Virtualization

Is a technology that lets you create useful IT services using resources that are linked to hardware. It allows you to use the physical machine by distributing its capabilities.

Types of virtualization

Data Virtualization:
Consolidate data spread into a single source. Logical data management allows establishing single data access and real-time access to data stored across multiple heterogeneous data sources. Examples of data virtualization tools: Denodo platform SAP Hana
Desktop virtualization
Different from OS virtualization, Desktop virtualization allows a central administrator to deploy simulated desktop environments to hundreds of physical machines at once. Unlike traditional desktop environments that are physically installed and configured, desktop virtualization allows admins to perform mass configurations on all machines. Programs like Virtual box, Qemu or VMware... could fall under the Desktop virtualization category.
Server virtualization
Server virtualization is dividing physical servers into isolated virtual ones, allowing each virtual server to host its OS.
Operating system virtualization
OS virtualization happens at the Kernel. It's a way to run Linux and Windows environments side by side. The Kernel enables the existence of various isolated user-space instances.
Network functions virtualization.
Network functions virtualization separates the network's key functions (like directory services, file sharing, and IP configuration) so they can be distributed among environments.

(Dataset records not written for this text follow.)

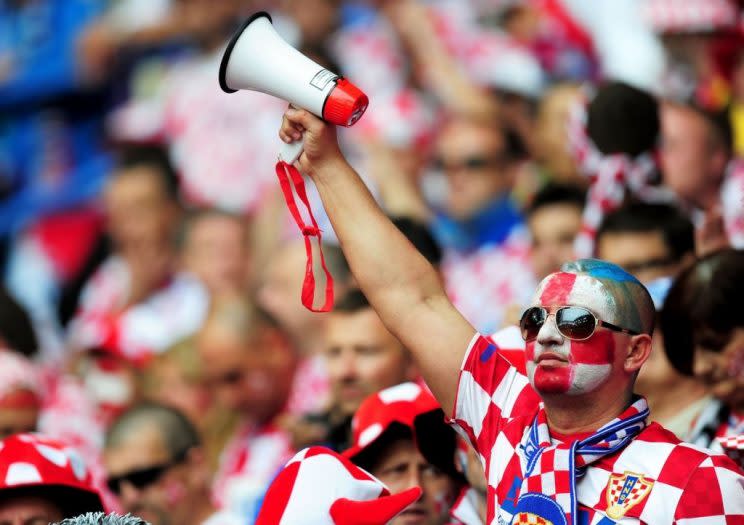 Incluso los gritos de los aficionados al fútbol puede afectar tu capacidad auditiva. (Foto: Getty Images)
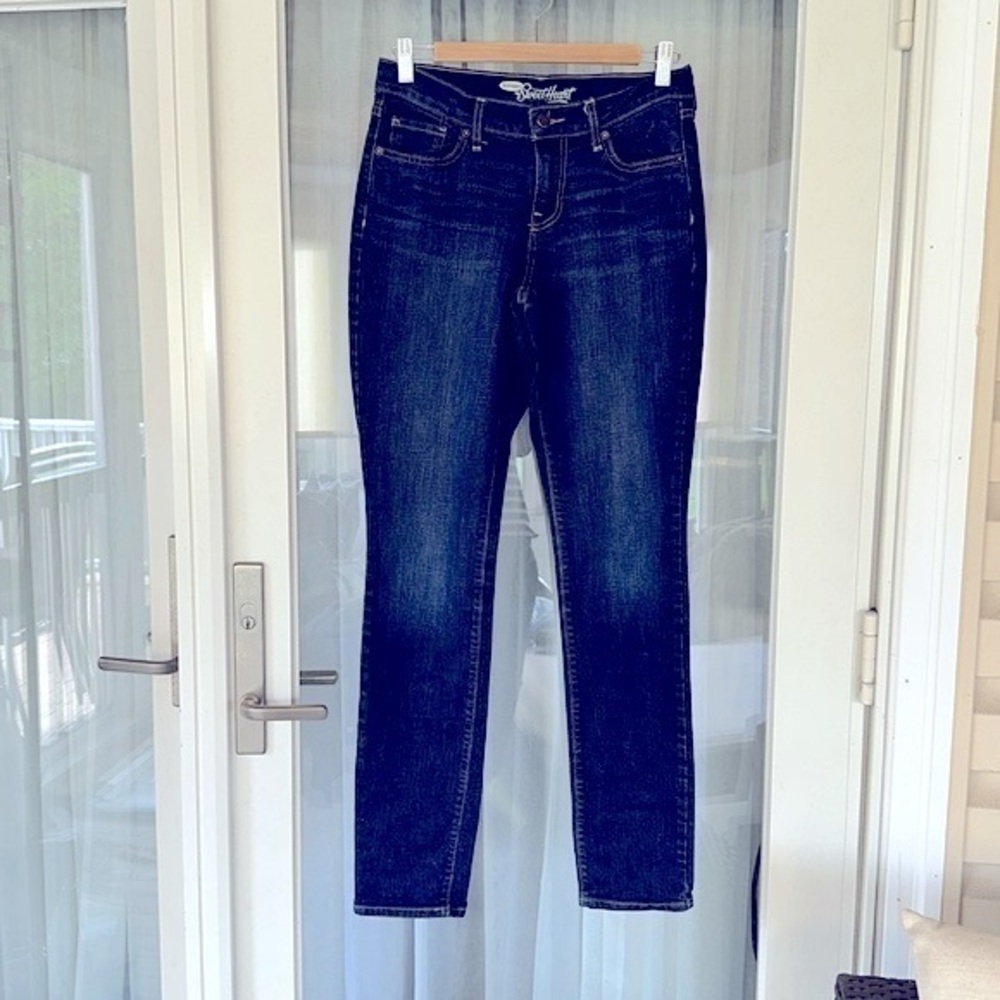 Old Navy “The Sweetheart”  Jeans Dark wash size 4 Long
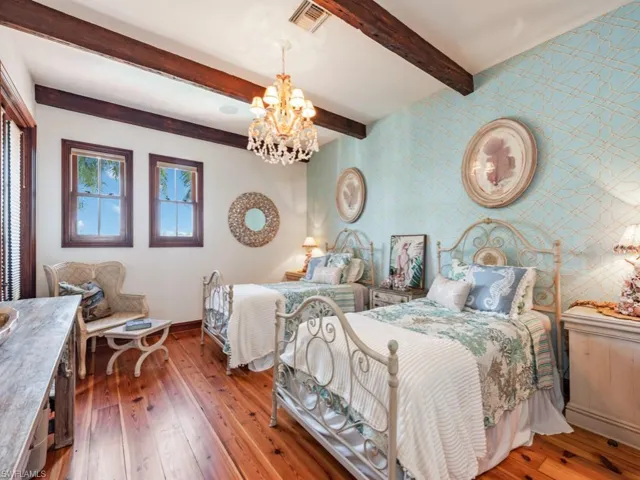 Guest Bedroom - 2nd floor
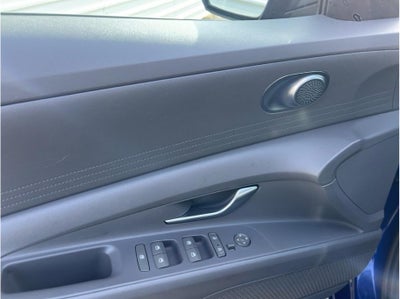 2021 Hyundai ELANTRA SE Sedan 4D
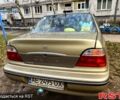 Бежевый Дэу Нексия, объемом двигателя 1.5 л и пробегом 160 тыс. км за 650 $, фото 3 на Automoto.ua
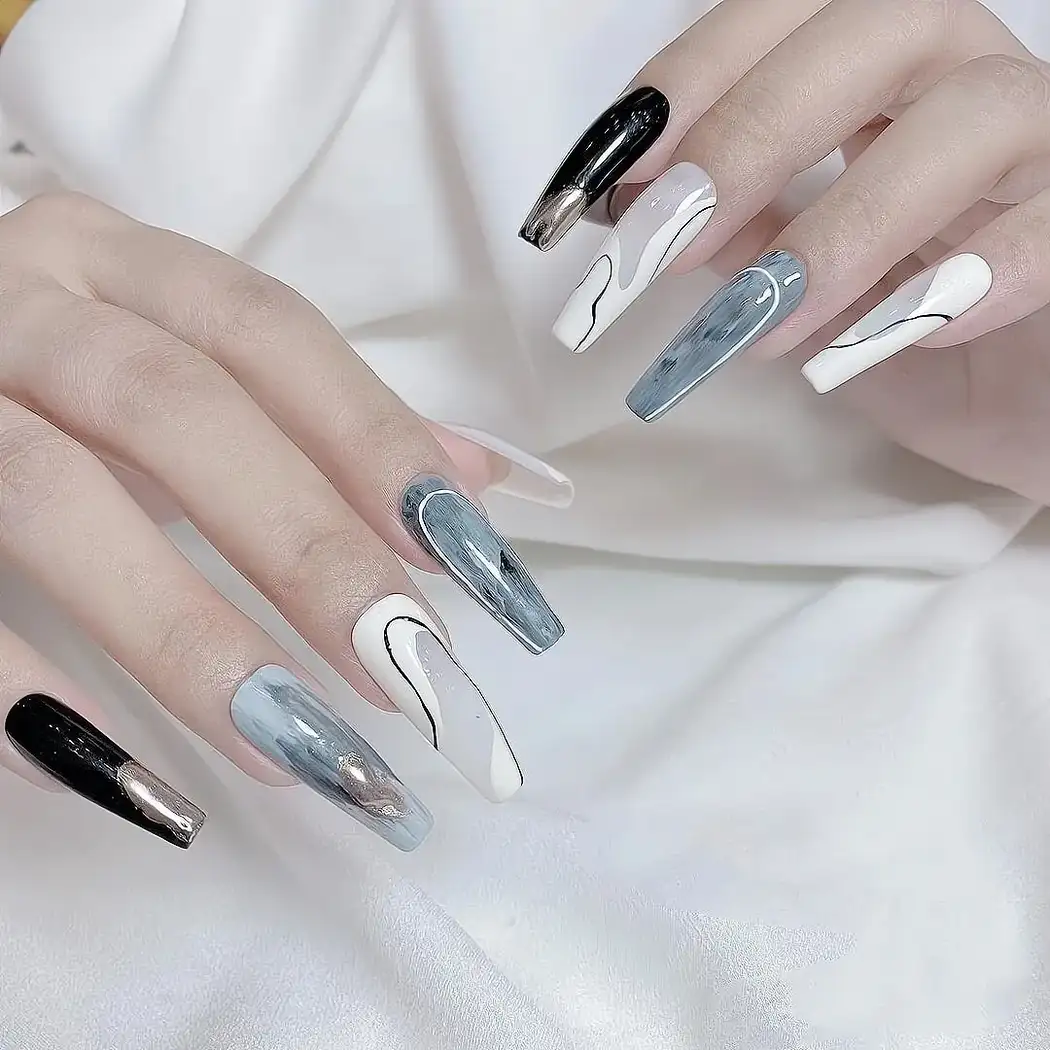 các mẫu nail đơn giản sang trọng độc đáo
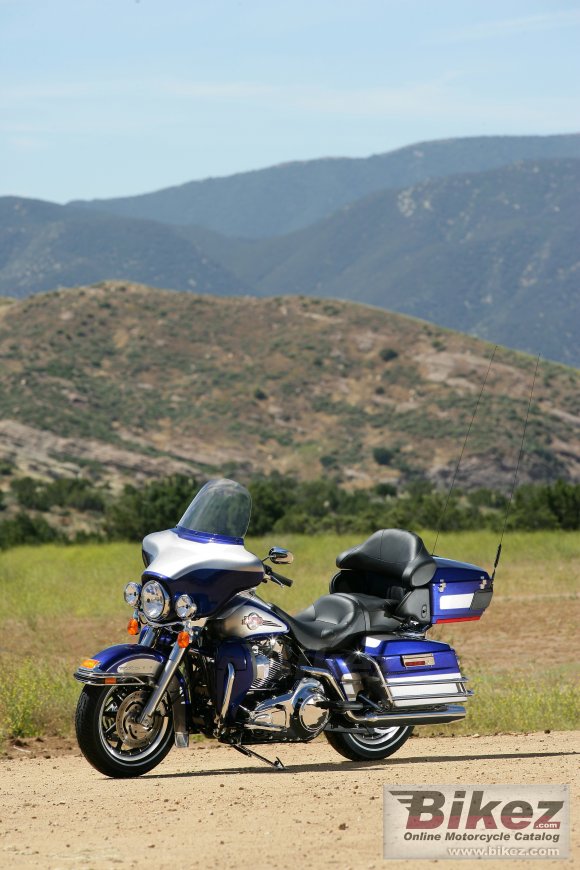 2007 Harley-Davidson FLHTCU  Ultra Classic Electra Glide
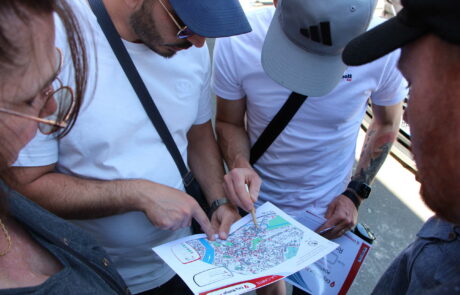 Les joueurs consultent la carte avant de se mettre en route.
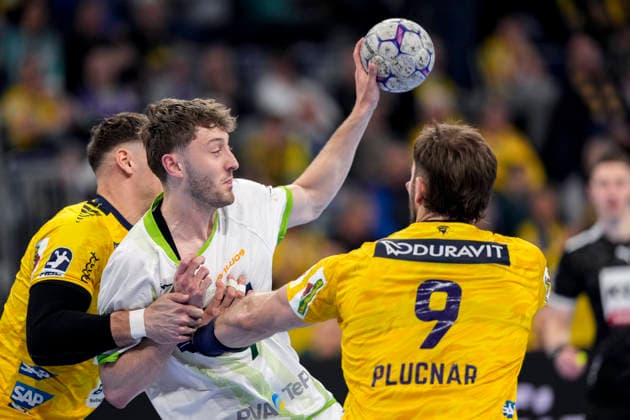 v.li.: Sebastian Heymann (RNL, 13), Niklas Theiß (Theiss, HSG, 9), Steven Plucnar Jacobsen (RNL, 9), Zweikampf, Spielszene, Duell, duel, tackle, tackling, Dynamik, Action, Aktion, 28.03.2026, Mannheim (Deutschland), Handball, Bundesliga, Rhein-Neckar Löwen - HSG Wetzlar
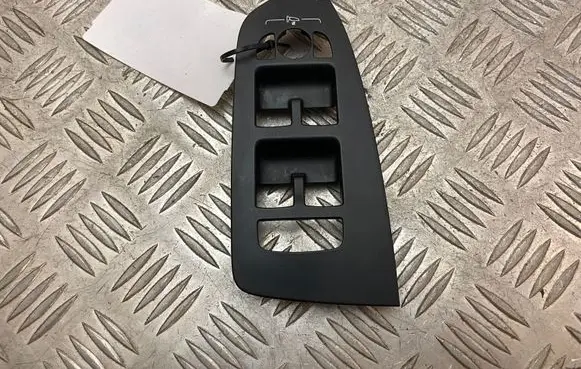 Volvo XC90 Front door window switch trim 31407535 31393540
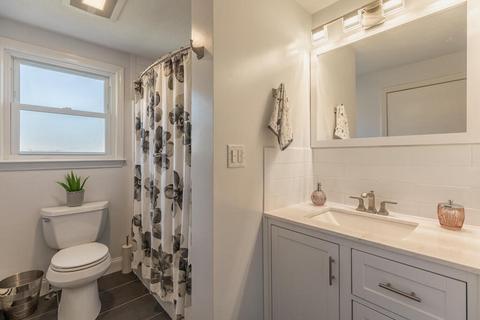 328 Ash St, Reading, MA 01867 photo 14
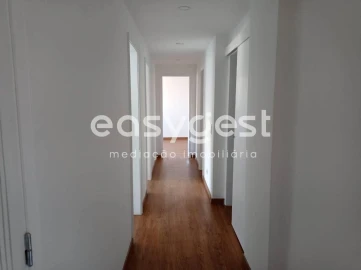 Apartamento T3 para Venda em Campo de Ourique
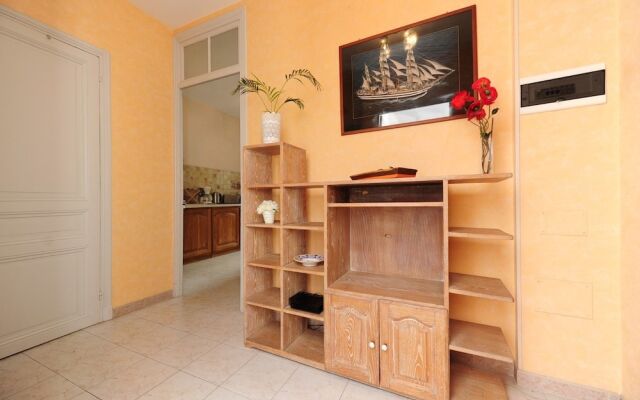 Easy Flat - Five Stars Holiday House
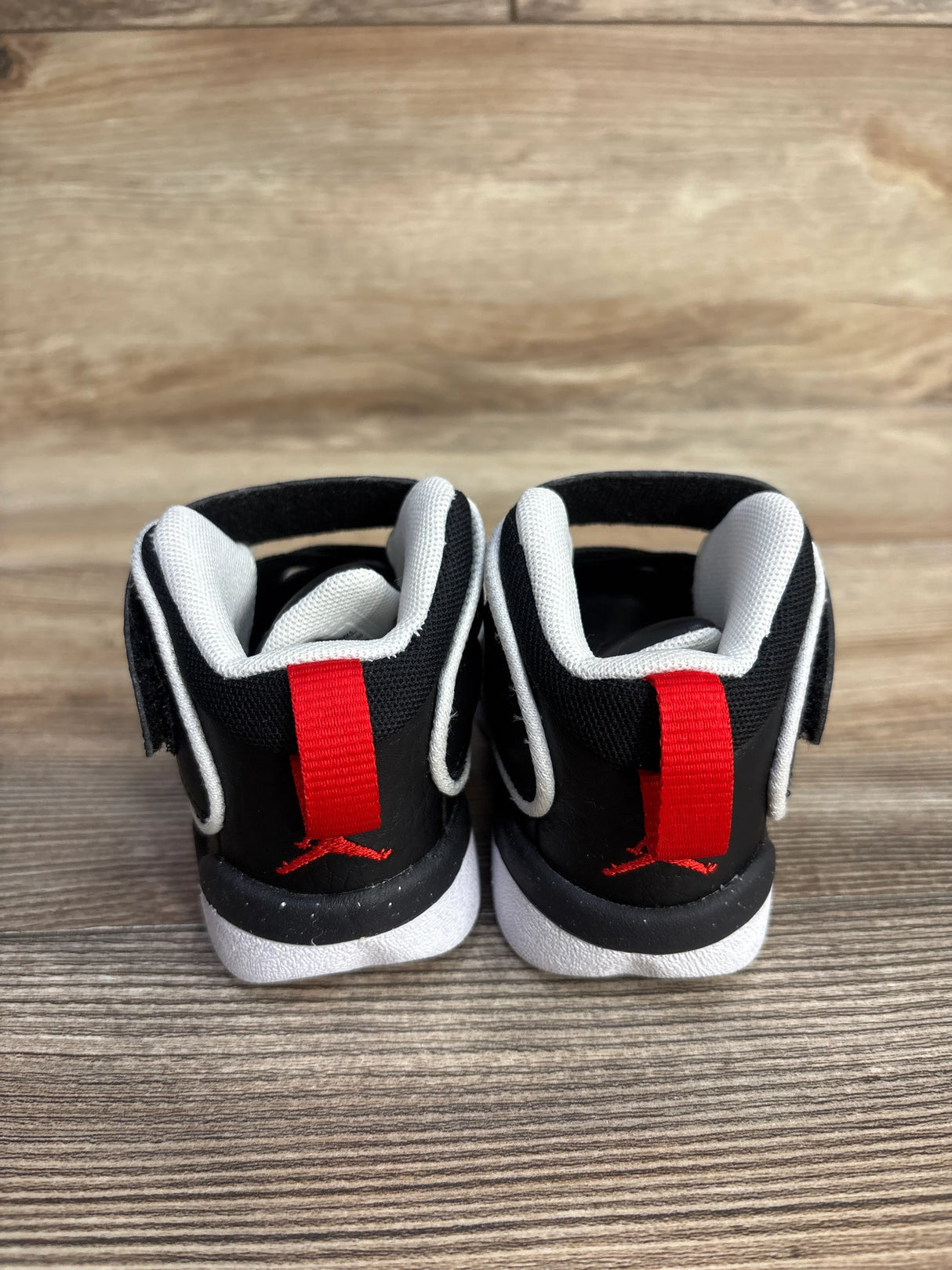 Jordan Pro Strong TD 'Black White' Sneakers sz 5.5c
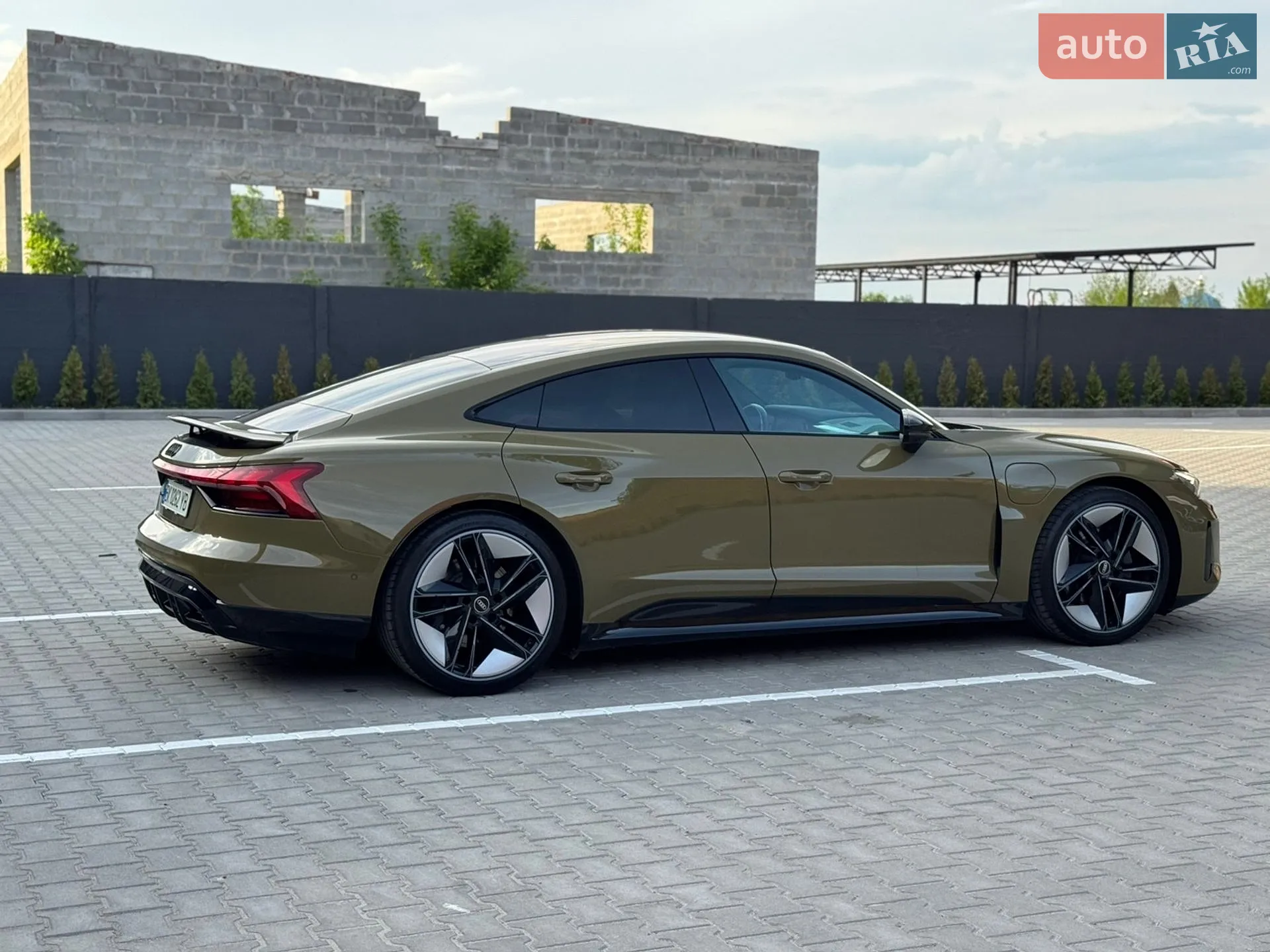 2022 Audi e-tron GT - мініатюра 14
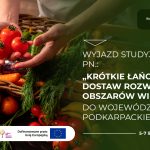 Obrazek przedstawia kosz wiklinowy pełen warzyw i owoców oraz napis: Wyjazd studyjny pod nazwą Krótkie łańcuchy dostaw rozwojem obszarów wiejskich do województwa podkarpackiego od 5 do 7 listopada 2025 roku.
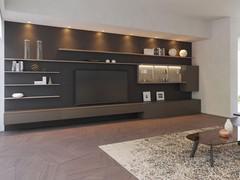 Schrankwand mit TV-Fach, Vitrine und unterschiedlich langen Regalen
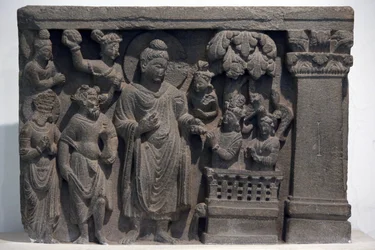 Musée national, New Delhi. Bouddha avec Naga-Kalika. Gandhara, IIe siècle apr. J.-C. Pierre. Prêt du Mayo College Museum, Ajmer. Inde.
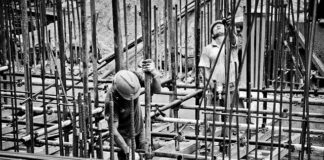 Jak wstrzymać budowę sąsiada?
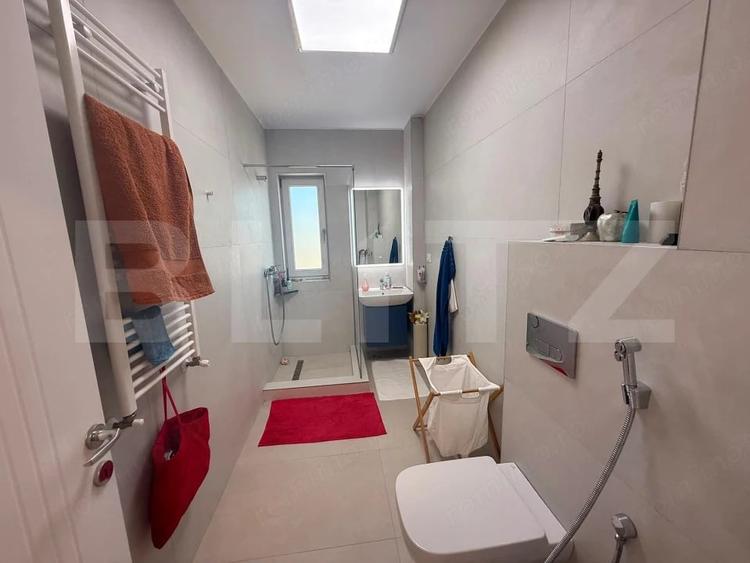Apartament cu 2 camere semidecomandat în Aroneanu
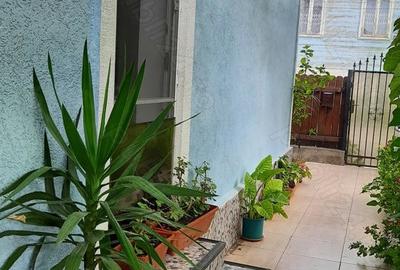 Casă cu 5 camere cu Teren 550 Mp în Sulina - 1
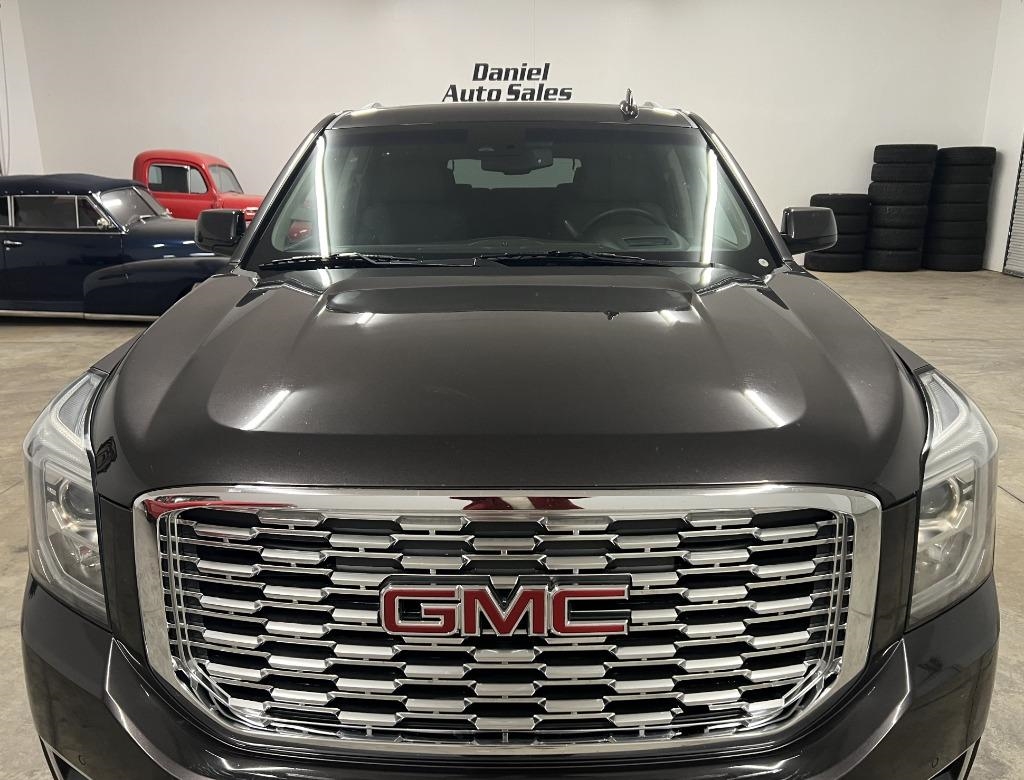 GMC Yukon XL Denali 4WD 2018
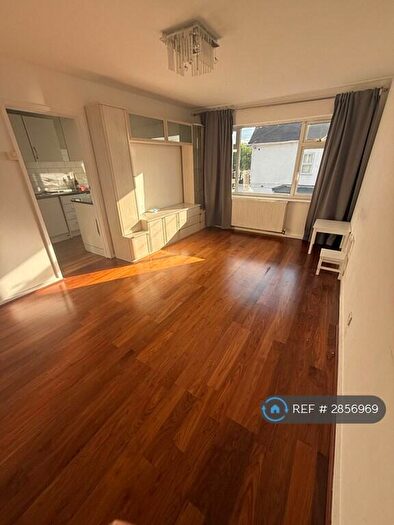 2 Bedroom Flat To Rent In Leyton, London, E10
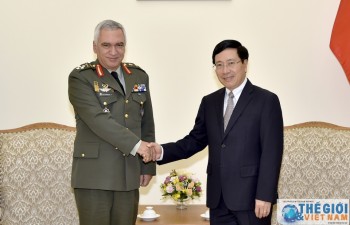 Phó Thủ tướng Phạm Bình Minh tiếp Chủ tịch Ủy ban Quốc phòng EU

How does Virtualization work?

Software called Hypervisors separates the physical resources from the virtual environment.

Hypervisors

Introduction
A Hypervisor is a type of software, that creates and runs virtual machines. The Hypervisor presents the guest OS with a virtual operating platform and manages the execution of the guest operating systems.
Hypervisors types
1. Type1: native/bare-metal hypervisor
2. This type of hypervisor runs directly on the physical hardware, without the need for a host OS. It interacts directly with the hardware and controls the allocation of physical resources to VMs.
3. Type2: Hosted Hypervisors
4. This type of hypervisor runs on a conventional OS just like other computer programs. It relies on the host OS to manage hardware resources and provides a virtualization layer on top of it. (Virtual box, VMware...)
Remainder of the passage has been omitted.